Others suggested making the contaminated area a “phytolab”—to investigate how plant matter can remediate sullied land and groundwater—or making the area into an outdoor laboratory for robotics, with unmanned machines that could seed, irrigate, or locate landscapes in need of reforestation.

More than one project envisioned a training ground for pilots controlling unmanned aerial vehicles. Such military surveillance and attack technology, after all, could make airborne assessments of ecosystems, or even drop “seed bombs” where needed.

The project “Rights of Way” proposed having the military share the space with civilians. A seasonal clock could schedule times for hunting, hiking, and bird-watching, along with traditional military uses.

Given the site’s proximity to rail and heavy industry, another project would augment the poor soil with waste from New England industries, including wood ash and cement dust.
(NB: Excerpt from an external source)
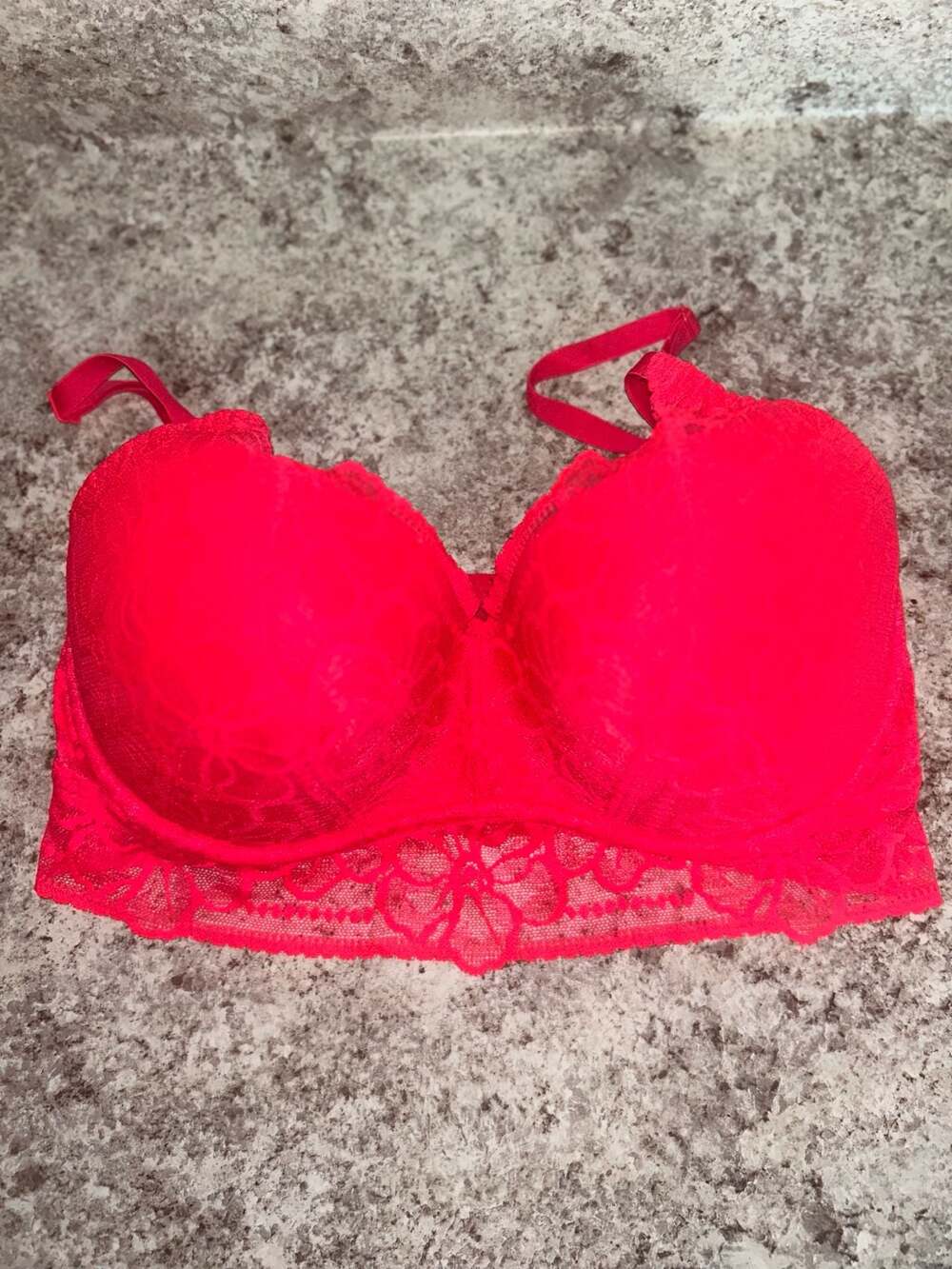 Victoria's Secret PINK Lace Push-Up Bralette Red Size M(D-DD)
Students said the results could be profit and rich topsoil.

In every student project, representation was prized. Wall-size mobile posters looked like works of art. But don’t let presentation trump clarity, said one reviewer, echoing others, because “otherwise it becomes more of an aesthetic than a tool.”

In some cases, the reviewers also suggested that one project may really be two or three. “Securing Ground,” for instance, envisioned a training center for a joint military construction battalion; a testing ground for barrier islands and barrier beaches; a control center for an offshore wind turbine farm; and an alternate emergency evacuation route. This proposal, said a reviewer, “is trying to solve a lot of problems at once.”

At day’s end, 16 reviewers sat in a line in front of the capacity crowd. The experts were kind, but spoke pointedly too: Present more explicitly; explain your concepts; edit.

From the audience, Charles Waldheim, chair of the Department of Landscape Architecture, marveled at the day’s smooth-working teams of three, half of whose members were “civilians” a year ago. (The course includes students grounded in other disciplines before starting at GSD.) “Where are the divorces?” he asked. “Where are the teams that fell apart?”

There were none, agreed Bélanger. “I don’t think there was one minute wasted today,” he added, “or one breath wasted.”

The biggest lesson may have been to remove what Bélanger called the “military shadow” over the process of reinvention. “These are a lot of good ideas,” said Rooney, a regional planner and landscape architect with more than a decade of ties to the reservation. “The military are people too.”